- **Work instructions**:
Only the closing portion of the entries is to be reproduced: the line containing "this 706×431 image." through the very last line, exactly as written.

(Beginning of Dataset records)

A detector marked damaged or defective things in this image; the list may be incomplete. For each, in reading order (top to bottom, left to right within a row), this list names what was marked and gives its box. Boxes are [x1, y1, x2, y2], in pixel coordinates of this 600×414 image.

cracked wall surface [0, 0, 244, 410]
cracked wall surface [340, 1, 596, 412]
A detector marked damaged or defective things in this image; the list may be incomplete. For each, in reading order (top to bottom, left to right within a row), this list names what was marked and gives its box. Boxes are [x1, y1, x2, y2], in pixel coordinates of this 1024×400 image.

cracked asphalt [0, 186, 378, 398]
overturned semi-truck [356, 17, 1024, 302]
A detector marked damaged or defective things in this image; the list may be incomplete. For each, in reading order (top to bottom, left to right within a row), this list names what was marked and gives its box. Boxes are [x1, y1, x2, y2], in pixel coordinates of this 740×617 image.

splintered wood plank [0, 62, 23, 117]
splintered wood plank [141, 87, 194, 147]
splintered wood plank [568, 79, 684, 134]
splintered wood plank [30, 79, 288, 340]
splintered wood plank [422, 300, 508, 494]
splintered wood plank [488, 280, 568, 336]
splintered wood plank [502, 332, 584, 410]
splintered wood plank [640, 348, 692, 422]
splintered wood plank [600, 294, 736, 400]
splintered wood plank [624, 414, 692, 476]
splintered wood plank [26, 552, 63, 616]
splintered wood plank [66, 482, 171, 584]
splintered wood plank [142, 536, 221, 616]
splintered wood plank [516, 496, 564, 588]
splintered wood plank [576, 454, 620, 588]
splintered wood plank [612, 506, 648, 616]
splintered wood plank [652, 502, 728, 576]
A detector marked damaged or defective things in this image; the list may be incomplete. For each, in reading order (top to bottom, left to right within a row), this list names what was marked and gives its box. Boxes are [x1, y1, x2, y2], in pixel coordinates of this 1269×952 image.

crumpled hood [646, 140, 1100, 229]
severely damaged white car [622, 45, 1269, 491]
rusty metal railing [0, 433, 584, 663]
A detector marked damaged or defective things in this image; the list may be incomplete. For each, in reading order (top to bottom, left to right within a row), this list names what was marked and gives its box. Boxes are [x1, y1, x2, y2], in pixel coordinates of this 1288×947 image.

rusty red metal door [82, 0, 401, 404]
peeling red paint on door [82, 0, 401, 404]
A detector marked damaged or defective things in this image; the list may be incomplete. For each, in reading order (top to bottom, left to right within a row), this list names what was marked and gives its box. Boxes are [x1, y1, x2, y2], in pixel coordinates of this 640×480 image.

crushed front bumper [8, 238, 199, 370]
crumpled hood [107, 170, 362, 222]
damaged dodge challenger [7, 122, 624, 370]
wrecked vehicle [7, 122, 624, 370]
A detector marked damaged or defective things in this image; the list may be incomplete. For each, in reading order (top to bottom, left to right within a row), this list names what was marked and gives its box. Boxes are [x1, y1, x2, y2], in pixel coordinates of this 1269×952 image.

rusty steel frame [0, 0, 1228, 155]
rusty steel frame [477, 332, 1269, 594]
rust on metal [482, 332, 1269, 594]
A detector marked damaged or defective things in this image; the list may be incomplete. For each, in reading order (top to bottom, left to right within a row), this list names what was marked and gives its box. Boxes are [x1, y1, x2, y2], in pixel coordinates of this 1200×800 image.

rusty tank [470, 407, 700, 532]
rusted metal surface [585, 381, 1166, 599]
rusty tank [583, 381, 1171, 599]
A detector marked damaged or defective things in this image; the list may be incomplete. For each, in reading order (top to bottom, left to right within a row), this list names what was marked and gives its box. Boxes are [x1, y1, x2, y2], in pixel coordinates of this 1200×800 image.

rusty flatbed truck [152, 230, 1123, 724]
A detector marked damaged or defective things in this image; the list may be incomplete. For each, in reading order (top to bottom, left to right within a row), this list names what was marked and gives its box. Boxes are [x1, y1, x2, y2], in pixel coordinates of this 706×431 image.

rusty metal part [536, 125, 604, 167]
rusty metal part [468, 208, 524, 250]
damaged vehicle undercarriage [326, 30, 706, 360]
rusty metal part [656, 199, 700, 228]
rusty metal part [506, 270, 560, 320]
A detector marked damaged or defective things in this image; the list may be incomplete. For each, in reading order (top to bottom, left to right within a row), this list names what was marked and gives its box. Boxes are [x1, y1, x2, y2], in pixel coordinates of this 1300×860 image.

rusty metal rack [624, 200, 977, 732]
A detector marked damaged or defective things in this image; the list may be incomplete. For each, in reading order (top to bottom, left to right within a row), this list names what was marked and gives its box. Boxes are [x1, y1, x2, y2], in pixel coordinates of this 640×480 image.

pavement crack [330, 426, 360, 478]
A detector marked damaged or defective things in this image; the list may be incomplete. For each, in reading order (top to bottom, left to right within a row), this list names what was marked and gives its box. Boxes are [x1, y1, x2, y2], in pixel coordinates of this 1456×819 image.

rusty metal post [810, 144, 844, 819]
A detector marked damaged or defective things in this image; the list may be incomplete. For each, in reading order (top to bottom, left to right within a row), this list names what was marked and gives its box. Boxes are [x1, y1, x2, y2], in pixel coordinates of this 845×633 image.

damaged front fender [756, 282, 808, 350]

(End of Dataset records)

- **Task result**:
A detector marked damaged or defective things in this image; the list may be incomplete. For each, in reading order (top to bottom, left to right within a row), this list names what was marked and gives its box. Boxes are [x1, y1, x2, y2], in pixel coordinates of this 706×431 image.

rusty metal part [536, 125, 604, 167]
rusty metal part [468, 208, 524, 250]
damaged vehicle undercarriage [326, 30, 706, 360]
rusty metal part [656, 199, 700, 228]
rusty metal part [506, 270, 560, 320]
A detector marked damaged or defective things in this image; the list may be incomplete. For each, in reading order (top to bottom, left to right within a row), this list names what was marked and gives its box. Boxes are [x1, y1, x2, y2], in pixel coordinates of this 1300×860 image.

rusty metal rack [624, 200, 977, 732]
A detector marked damaged or defective things in this image; the list may be incomplete. For each, in reading order (top to bottom, left to right within a row), this list names what was marked and gives its box. Boxes are [x1, y1, x2, y2], in pixel coordinates of this 640×480 image.

pavement crack [330, 426, 360, 478]
A detector marked damaged or defective things in this image; the list may be incomplete. For each, in reading order (top to bottom, left to right within a row), this list names what was marked and gives its box. Boxes are [x1, y1, x2, y2], in pixel coordinates of this 1456×819 image.

rusty metal post [810, 144, 844, 819]
A detector marked damaged or defective things in this image; the list may be incomplete. For each, in reading order (top to bottom, left to right within a row), this list names what was marked and gives its box. Boxes are [x1, y1, x2, y2], in pixel coordinates of this 845×633 image.

damaged front fender [756, 282, 808, 350]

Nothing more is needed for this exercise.